Заяц охнул еще разок-другой и замолчал. Но голос его прозвучал уже ближе, и лисы поняли, что вор, поймавший Калана, идет им навстречу.
Отбежав немного в сторонку, Карак прижалась к земле, подстерегая вора. Когда на лугу вырисовалась чья-то тень, Вук и Инь тоже сразу приникли к земле, - ведь это бежал по тропе волкодав Курра; внук волка, он никак не мог бросить охоту.
Карак тут же поняла, что беды не миновать, если Курра почует лисят, залегших недалеко от тропы. За Вука она не беспокоилась, но Инь легко могла стать жертвой огромного волкодава.
Старая лисица с шумом встала и широко раскрыла глаза, чтобы Курра ее увидел, затем, прыгнув на тропку, рысью понеслась к дому егеря.
Изумленный волкодав остолбенел на мгновение, затем все тело его задрожало от ярости.

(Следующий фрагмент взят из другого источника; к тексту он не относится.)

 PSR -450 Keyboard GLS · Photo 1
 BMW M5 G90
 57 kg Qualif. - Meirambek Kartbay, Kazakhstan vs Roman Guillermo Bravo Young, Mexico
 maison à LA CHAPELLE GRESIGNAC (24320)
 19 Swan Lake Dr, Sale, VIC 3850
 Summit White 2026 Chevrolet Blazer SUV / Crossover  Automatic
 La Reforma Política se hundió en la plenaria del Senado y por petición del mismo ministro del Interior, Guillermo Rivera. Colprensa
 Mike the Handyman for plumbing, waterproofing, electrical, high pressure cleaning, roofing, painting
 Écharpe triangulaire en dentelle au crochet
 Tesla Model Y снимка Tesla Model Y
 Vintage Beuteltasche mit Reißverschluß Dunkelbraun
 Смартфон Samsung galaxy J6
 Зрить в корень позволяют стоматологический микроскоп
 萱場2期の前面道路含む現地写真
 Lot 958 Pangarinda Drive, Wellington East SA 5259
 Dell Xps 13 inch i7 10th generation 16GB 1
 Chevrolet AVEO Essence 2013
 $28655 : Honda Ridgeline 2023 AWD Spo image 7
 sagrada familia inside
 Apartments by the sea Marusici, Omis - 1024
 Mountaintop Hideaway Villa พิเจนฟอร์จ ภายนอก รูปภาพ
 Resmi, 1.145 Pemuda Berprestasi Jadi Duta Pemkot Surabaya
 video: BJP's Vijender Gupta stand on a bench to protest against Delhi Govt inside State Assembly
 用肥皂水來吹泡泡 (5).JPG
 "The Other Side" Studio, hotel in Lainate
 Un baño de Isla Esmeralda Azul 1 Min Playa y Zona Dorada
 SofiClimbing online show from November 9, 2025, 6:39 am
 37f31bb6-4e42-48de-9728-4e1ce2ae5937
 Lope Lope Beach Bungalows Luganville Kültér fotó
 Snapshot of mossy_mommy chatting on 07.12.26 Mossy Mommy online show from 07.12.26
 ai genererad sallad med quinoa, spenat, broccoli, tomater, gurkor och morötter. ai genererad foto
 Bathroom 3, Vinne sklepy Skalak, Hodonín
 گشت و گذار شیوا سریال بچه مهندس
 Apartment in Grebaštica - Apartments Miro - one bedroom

Он смертельно ненавидел лисиц. Бросив зайца ("потом вернусь за ним", - подумал Курра), он пустился вдогонку за Карак, которая, описывая зигзаги, уже скрылась из виду.
Пробежав часть пути, Карак повернула в сторону и притаилась за деревом, зная, что Курра с его прекрасным нюхом понесется дальше по тропке, по которой прошла она раньше с лисятами.
Волкодав пулей промчался мимо Карак. Ему в нос бил теплый лисий запах, и дорога вела к дому егеря.
- Если улыбнется нам счастье, - пробурчала Карак, слегка волнуясь и усмехаясь себе в усы, - ты свихнешь себе шею.
Она выскочила из-за дерева и полетела к лисятам.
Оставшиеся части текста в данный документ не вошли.